Nenhuma dessas concepções históricas faz jus ao aspecto de assembleia da igreja. A igreja espalhada pela Terra não é uma assembleia. A Igreja Romana como instituição tampouco o é. E a igreja invisível não se constitui em assembleia pelo fato de receber a salvação de Cristo. Pode-se, pois, perguntar o que é e como se forma a igreja universal. De acordo com Mateus 16:18, a igreja se forma pela sua edificação, ou seja, pela reunião de todas as pessoas que se agregam a Cristo por meio da fé, ao longo dos séculos. Esse número nunca se perfaz totalmente na Terra. Por isso, a igreja universal nunca está inteiramente na Terra. É biblicamente equivocado considerar um conjunto qualquer de cristãos, vivendo em determinado período (por exemplo, hoje), como o corpo de Cristo.
Um dos erros mais comuns entre leitores não muito cuidadosos de Watchman Nee, nos tempos atuais, é a aplicação de metáforas da igreja universal, como o corpo de Cristo, a contingentes limitados de cristãos sobre a Terra. Mais particularmente a cristãos sob determinado ministério. O equívoco advém do fato de muitos leitores de Nee estarem envolvidos em divisões ministeriais, hoje em dia. O grupo sob o ministério com maior alcance geográfico alega ser o corpo de Cristo e acusa o outro grupo de se separar do corpo, por se ter separado dele. E por incrível que possa parecer, o outro grupo alega que os seus integrantes é que são o corpo.
Nenhum dos dois grupos está alinhado com o ensinamento de Nee, nesse ponto, pois ele sempre combateu tenazmente as divisões no meio cristão. Reconhecer a condição ou a posição espiritual de corpo de Cristo (e não de uma parte dele) a cristãos sob determinado ministério, tratá-los como se fossem a igreja universal, é uma atitude antes de tudo divisiva. Portanto, contrária à obra de Nee. Ninguém que conheça adequadamente essa obra pode negar tal fato.

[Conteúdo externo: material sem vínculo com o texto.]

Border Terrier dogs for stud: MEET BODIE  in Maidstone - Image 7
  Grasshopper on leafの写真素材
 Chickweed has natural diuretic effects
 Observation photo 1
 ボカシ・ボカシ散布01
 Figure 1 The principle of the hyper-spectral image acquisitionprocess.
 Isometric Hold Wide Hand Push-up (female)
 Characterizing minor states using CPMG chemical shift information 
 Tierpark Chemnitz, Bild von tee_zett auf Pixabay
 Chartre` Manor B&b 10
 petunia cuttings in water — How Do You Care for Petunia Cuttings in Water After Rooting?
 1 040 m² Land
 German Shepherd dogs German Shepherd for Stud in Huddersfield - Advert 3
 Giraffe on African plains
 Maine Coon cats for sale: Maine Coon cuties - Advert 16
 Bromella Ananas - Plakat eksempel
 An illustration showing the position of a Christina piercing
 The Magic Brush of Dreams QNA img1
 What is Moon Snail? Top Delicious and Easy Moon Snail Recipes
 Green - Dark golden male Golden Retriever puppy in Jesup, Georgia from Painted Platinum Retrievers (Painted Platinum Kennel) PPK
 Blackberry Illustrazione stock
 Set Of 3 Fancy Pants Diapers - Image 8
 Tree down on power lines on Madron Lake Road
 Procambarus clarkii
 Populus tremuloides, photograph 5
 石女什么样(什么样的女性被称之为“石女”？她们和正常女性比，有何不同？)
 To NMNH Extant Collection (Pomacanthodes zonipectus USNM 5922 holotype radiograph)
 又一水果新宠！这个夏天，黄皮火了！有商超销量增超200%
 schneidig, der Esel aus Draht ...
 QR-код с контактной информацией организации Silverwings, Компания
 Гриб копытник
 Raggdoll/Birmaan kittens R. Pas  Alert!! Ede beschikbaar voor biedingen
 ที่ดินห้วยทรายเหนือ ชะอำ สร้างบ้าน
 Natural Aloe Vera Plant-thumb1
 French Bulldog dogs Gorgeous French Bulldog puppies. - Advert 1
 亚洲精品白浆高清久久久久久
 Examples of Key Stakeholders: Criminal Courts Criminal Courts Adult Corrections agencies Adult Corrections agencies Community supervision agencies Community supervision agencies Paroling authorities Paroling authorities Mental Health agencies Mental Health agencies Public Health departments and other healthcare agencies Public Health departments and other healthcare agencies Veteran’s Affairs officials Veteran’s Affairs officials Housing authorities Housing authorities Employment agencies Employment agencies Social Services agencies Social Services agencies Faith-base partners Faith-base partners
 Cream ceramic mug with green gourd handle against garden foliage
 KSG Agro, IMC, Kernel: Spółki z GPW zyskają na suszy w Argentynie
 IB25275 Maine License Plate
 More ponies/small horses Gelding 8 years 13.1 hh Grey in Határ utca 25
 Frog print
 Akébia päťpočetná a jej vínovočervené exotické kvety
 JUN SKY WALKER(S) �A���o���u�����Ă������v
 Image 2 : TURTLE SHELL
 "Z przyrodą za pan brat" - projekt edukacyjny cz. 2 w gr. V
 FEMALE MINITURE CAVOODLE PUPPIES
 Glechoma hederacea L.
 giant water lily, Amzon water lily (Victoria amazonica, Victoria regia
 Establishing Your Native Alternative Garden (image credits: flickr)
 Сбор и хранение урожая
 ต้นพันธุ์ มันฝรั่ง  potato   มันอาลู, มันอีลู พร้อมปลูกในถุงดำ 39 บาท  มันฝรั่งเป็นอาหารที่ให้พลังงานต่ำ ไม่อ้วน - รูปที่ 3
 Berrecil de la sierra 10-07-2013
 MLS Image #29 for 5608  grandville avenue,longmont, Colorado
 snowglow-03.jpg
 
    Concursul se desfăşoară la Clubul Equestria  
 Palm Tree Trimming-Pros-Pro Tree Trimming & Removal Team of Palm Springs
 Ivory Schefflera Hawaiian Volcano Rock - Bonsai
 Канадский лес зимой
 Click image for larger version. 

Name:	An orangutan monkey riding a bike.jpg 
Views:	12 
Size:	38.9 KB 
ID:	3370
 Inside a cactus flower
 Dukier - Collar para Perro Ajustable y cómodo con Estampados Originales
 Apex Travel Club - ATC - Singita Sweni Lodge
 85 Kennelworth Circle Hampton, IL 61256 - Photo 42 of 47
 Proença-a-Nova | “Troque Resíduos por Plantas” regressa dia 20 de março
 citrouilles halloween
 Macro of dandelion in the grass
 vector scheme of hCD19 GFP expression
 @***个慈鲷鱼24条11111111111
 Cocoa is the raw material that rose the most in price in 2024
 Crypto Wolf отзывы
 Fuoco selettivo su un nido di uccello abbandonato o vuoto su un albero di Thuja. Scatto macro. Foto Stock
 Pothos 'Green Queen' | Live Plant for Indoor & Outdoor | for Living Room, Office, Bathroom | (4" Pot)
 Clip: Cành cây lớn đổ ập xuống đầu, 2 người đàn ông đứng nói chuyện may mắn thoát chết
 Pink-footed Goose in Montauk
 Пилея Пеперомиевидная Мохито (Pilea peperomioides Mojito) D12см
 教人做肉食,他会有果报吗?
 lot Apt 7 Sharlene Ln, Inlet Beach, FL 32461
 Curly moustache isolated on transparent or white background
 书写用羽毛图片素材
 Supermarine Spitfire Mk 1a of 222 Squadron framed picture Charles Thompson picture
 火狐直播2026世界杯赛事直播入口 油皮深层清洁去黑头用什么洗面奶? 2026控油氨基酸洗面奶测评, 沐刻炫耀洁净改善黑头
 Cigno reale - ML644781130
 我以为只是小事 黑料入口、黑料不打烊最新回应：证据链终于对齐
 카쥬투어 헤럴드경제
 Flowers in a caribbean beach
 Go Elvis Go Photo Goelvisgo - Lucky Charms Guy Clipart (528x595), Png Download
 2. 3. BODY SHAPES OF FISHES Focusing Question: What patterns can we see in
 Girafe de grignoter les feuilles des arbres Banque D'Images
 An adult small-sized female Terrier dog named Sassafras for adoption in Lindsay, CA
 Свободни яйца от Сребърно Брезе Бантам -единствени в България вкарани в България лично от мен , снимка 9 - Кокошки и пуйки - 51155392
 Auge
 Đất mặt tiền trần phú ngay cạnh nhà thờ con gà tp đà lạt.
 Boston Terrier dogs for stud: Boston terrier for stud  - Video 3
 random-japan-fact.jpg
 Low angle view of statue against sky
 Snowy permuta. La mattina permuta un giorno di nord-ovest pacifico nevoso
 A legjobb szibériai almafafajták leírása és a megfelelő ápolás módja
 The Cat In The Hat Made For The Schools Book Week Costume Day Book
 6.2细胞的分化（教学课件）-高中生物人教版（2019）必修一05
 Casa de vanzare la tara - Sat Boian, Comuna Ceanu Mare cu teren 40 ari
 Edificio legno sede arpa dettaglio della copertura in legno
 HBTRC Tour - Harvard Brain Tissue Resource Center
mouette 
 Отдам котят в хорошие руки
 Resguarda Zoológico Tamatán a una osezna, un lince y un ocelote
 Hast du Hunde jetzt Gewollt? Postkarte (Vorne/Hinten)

À luz do Novo Testamento, atribuir a condição ou a posição de corpo de Cristo a um conjunto limitado de cristãos não é apenas repetir os erros da História da Igreja: é piorá-los muito, pois os contingentes identificados com a igreja universal, hoje, são muito mais reduzidos que os de ontem.
O corpo de Cristo é uma metáfora da igreja universal (Ef 1:22; Cl 1:18). Nenhum grupo ou contingente cristão pode-se dizer esse corpo, a menos que revogue o ensinamento claro da Bíblia por uma metáfora.